Don’t let the prospect of street harassment deter you from travel. Here are some simple strategies you can use to deal with this annoying phenomenon.
You’ll undoubtedly be surprised the first time it happens, but it helps to know ahead of time when you can expect to experience street harassment. Certain countries like Morocco, India and much of Latin America are known for more solicitous attitudes towards women walking alone. This doesn’t necessarily mean you shouldn’t travel to those places, just that you should do some research ahead of time so that you know what to expect. Find out ahead of time if there are certain neighborhoods to avoid or if you should take a taxi home at night rather than walk.
It can be frustrating to come to terms with, but often times the best strategy for minimizing harassment is to simply ignore it. Men who catcall are looking for a reaction—even negative ones give them more attention and incentive to continue their behavior. Instead, just ignore the comments and keep your head held high.
Definitely resist the urge to get confrontational, as that may escalate the situation.
Don’t be Polite (Learn to Say No)
On the flip side, it’s important to learn how to shut down unwanted attention not just with body language but verbally as well. Oftentimes in Western cultures, women are taught to be polite even when we feel uncomfortable in a situation. If someone is pestering you for attention, for your phone number or for anything else, it’s perfectly alright to shut them down with a simple no and to walk away if they won’t take no for an answer. Don’t feel obligated to continue a conversation with anyone who makes you uncomfortable. It’s not rude—it’s perfectly appropriate.
Trust Your Gut
Only you can feel out the difference between a simple annoyance and an actual threat. Sometimes, the difference is so subtle that you can’t pick out exactly why you feel uneasy, but listen to your gut feeling nonetheless. If you ever feel truly unsafe, remove yourself from the situation as soon as possible.

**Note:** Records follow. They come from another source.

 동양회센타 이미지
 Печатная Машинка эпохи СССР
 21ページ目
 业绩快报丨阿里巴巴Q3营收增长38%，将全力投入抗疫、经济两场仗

If you need to get away from someone on the street, the easiest thing to do is to walk inside a hotel or store. You can also try flagging down a policeman or local woman for help.
Try Not To Be Discouraged
Reading about these situations ahead of time can be extremely overwhelming. It’s important to recognize that street harassment is an issue all over the world but that for the most part, it’s far more annoying than dangerous. Trust yourself, know your surroundings and you too can walk down the street without fear.